## EXERCISE REQUIREMENTS:
Print every line of the material below exactly as it stands, but omit the pictures.

## DATASET SECTION:
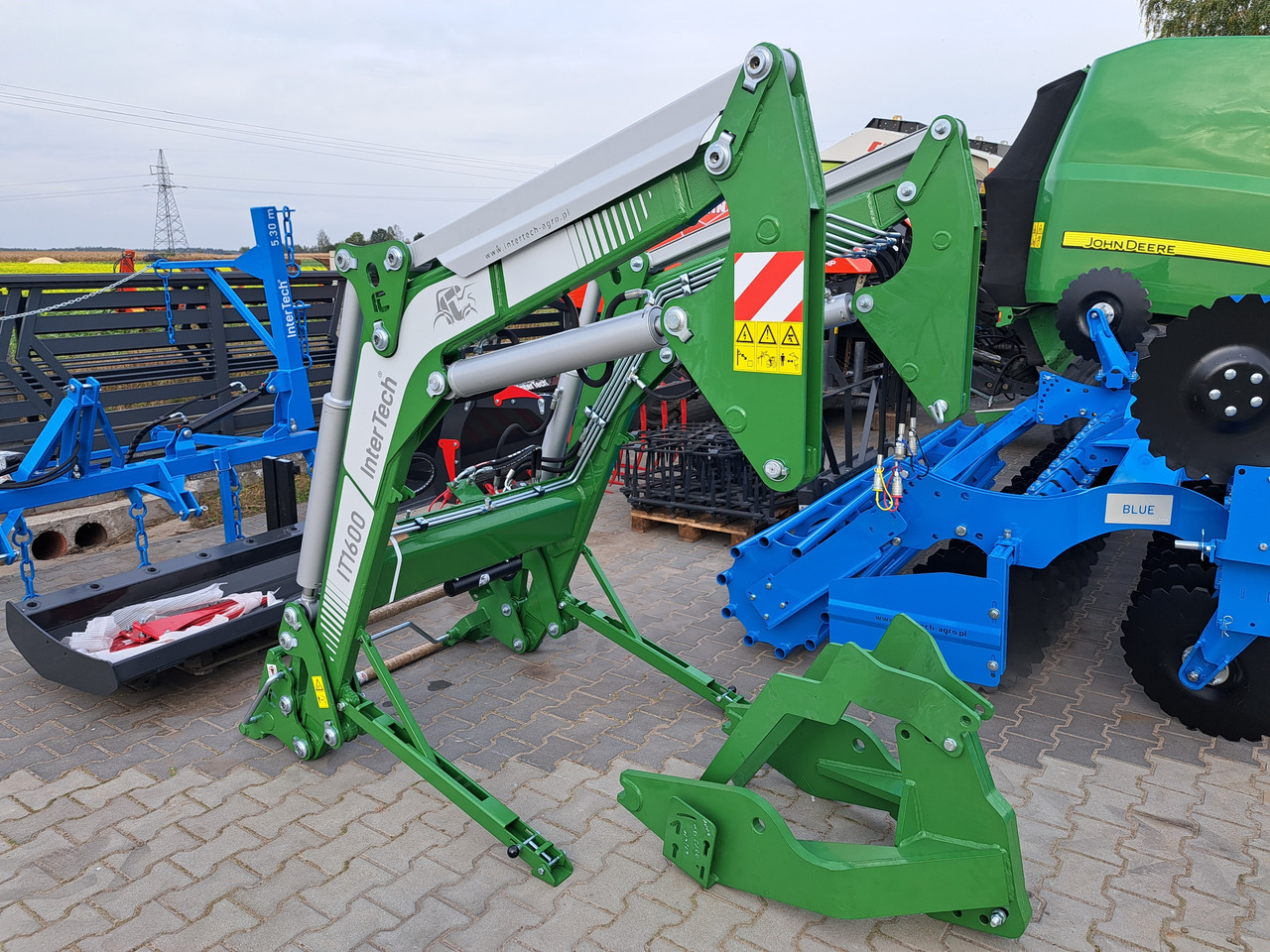 Inter Tech IT 1600 John deere 5080 ,5090, 5100m - Front loader for tractor: picture 2 Inter Tech IT 1600 John deere 5080 ,5090, 5100m - Front loader for tractor: picture 2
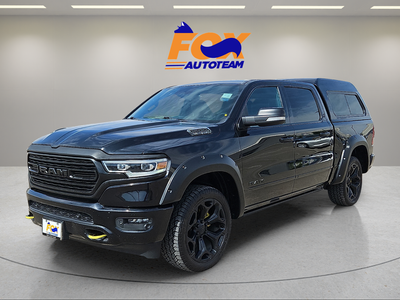 2022 RAM 1500 Limited Crew Cab 4WD w/ 22" wheels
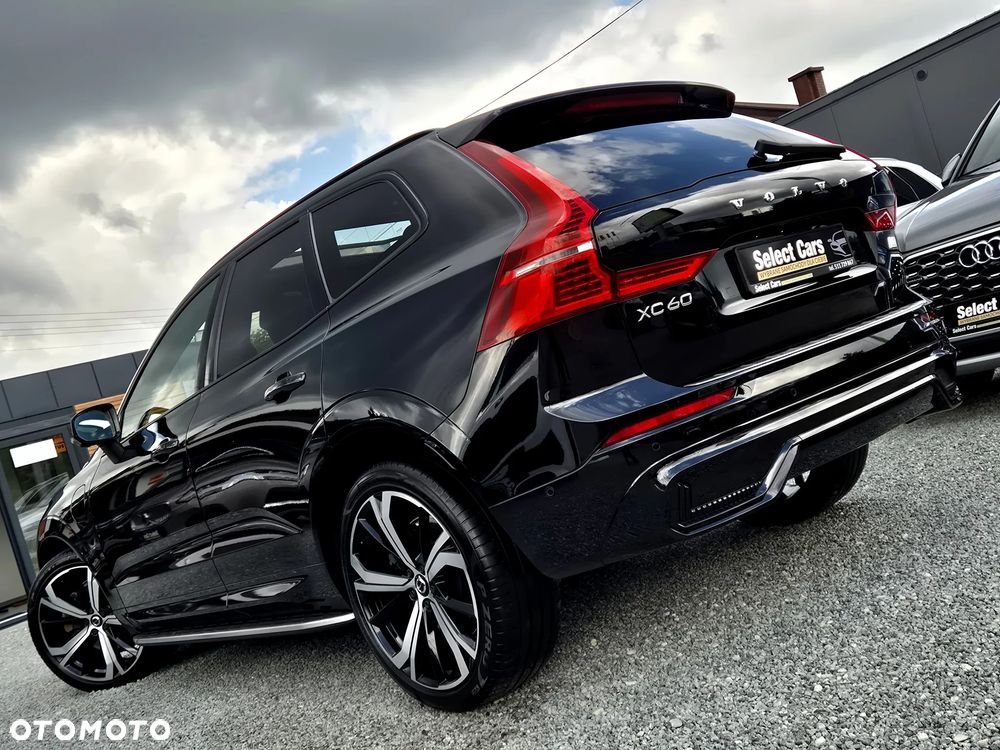 Volvo XC 60 T6 AWD Ultra Black Edition - 6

## WRITTEN RESPONSE:
 Inter Tech IT 1600 John deere 5080 ,5090, 5100m - Front loader for tractor: picture 2 Inter Tech IT 1600 John deere 5080 ,5090, 5100m - Front loader for tractor: picture 2
 2022 RAM 1500 Limited Crew Cab 4WD w/ 22" wheels
 Volvo XC 60 T6 AWD Ultra Black Edition - 6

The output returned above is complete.